▸ PROBLEM REQUIREMENTS
Search the entries below for the line containing "2 Pezzi Cuscino"; from there to the end, return every line exactly and add nothing.
══════════
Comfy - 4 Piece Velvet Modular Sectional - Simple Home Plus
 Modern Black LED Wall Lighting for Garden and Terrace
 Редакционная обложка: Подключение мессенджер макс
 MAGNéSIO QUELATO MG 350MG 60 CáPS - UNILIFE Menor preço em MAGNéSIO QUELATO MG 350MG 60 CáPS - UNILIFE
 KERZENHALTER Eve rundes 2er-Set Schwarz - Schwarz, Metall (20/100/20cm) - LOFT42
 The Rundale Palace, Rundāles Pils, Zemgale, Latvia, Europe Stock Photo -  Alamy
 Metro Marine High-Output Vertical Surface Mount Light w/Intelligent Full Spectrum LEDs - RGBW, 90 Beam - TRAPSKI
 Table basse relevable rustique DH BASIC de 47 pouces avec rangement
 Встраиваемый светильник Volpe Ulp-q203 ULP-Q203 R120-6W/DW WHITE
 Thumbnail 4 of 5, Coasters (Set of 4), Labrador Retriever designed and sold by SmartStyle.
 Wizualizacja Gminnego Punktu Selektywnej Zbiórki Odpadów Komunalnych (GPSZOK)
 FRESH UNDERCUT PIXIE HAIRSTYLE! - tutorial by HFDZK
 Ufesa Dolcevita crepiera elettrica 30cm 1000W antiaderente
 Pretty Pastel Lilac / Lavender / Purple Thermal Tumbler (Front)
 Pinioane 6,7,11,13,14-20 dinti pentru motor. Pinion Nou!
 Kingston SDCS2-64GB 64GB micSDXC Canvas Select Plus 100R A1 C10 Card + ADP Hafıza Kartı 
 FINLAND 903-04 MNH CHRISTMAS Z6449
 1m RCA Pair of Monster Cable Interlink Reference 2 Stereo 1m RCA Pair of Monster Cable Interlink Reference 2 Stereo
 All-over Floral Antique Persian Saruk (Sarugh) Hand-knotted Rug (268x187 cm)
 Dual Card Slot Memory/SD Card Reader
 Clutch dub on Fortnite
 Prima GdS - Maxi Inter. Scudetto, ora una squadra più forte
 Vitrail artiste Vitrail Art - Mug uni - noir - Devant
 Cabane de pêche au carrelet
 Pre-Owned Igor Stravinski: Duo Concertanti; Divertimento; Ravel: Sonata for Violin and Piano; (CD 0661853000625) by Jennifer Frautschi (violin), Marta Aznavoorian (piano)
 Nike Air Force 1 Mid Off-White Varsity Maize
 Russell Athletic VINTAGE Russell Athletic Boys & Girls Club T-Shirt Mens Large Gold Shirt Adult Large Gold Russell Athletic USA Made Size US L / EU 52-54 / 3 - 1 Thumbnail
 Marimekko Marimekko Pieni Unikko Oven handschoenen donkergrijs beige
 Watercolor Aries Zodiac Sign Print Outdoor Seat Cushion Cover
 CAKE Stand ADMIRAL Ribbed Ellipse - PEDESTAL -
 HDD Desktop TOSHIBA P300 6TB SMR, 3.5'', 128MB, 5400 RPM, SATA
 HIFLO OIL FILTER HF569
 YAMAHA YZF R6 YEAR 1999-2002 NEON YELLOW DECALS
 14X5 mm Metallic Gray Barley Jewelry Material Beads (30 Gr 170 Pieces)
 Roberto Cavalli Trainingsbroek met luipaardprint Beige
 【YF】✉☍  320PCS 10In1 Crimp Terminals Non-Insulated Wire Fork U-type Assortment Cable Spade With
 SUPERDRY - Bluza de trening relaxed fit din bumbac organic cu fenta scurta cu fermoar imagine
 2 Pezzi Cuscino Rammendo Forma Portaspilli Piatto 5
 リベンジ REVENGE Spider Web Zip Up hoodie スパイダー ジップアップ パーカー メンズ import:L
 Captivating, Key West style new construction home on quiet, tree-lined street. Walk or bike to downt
══════════
▸ SOLVED EXERCISE
 2 Pezzi Cuscino Rammendo Forma Portaspilli Piatto 5
 リベンジ REVENGE Spider Web Zip Up hoodie スパイダー ジップアップ パーカー メンズ import:L
 Captivating, Key West style new construction home on quiet, tree-lined street. Walk or bike to downt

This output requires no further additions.